ENTRIES SHOWN Block Start
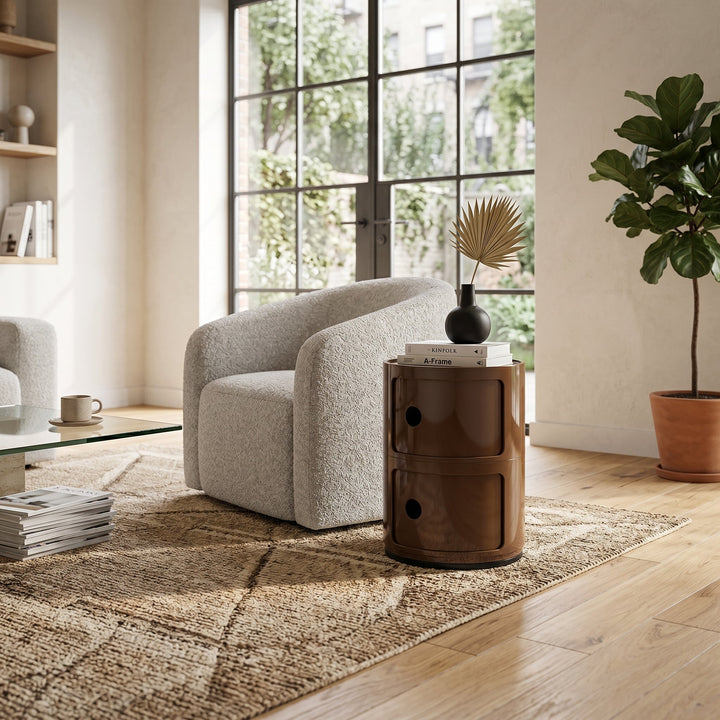 Cylindrical Nightstand with Rotating Doors and Compartments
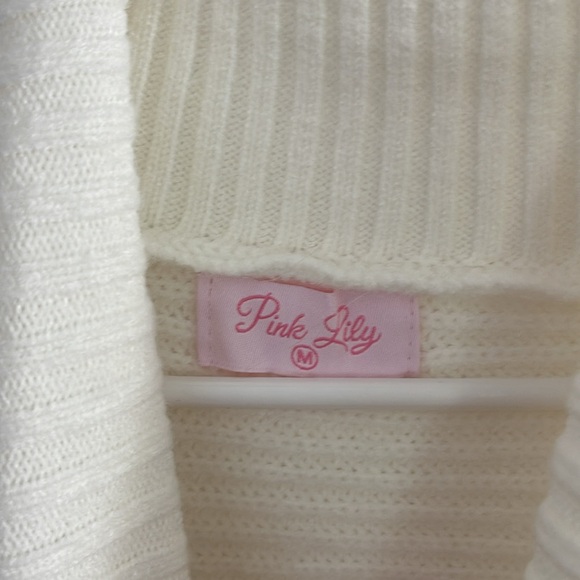 Pink Lily White Sweater - Picture 2 of 2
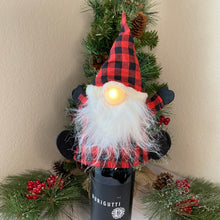 Load image into Gallery viewer, Plush Plaid Santa Gnome Bottle Topper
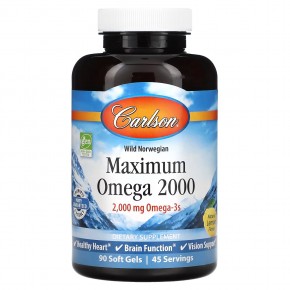 Carlson, Maximum Omega 2000, омега-3 кислоты из норвежской рыбы дикого улова, с натуральным лимонным вкусом, 2000 мг, 90 капсул (1000 мг в 1 капсуле) в Москве - eco-herb.ru | фото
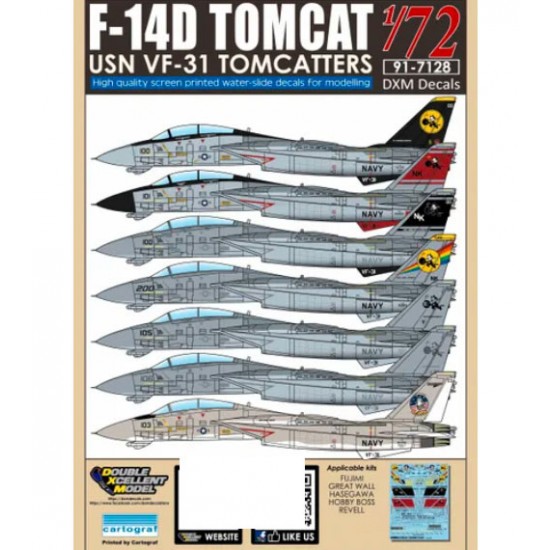 Decals for 1/72 USN F-14D Tomcat VF-31 Tomcatters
ENTRIES SHOWN Block End
• _ASSIGNMENT_:
Keep the pictures out and repeat exactly the lines from the beginning of the data through the line that contains "Load image into", both ends included.

• _SOLUTION TO THE PROBLEM_:
 Cylindrical Nightstand with Rotating Doors and Compartments
 Pink Lily White Sweater - Picture 2 of 2
 Load image into Gallery viewer, Plush Plaid Santa Gnome Bottle Topper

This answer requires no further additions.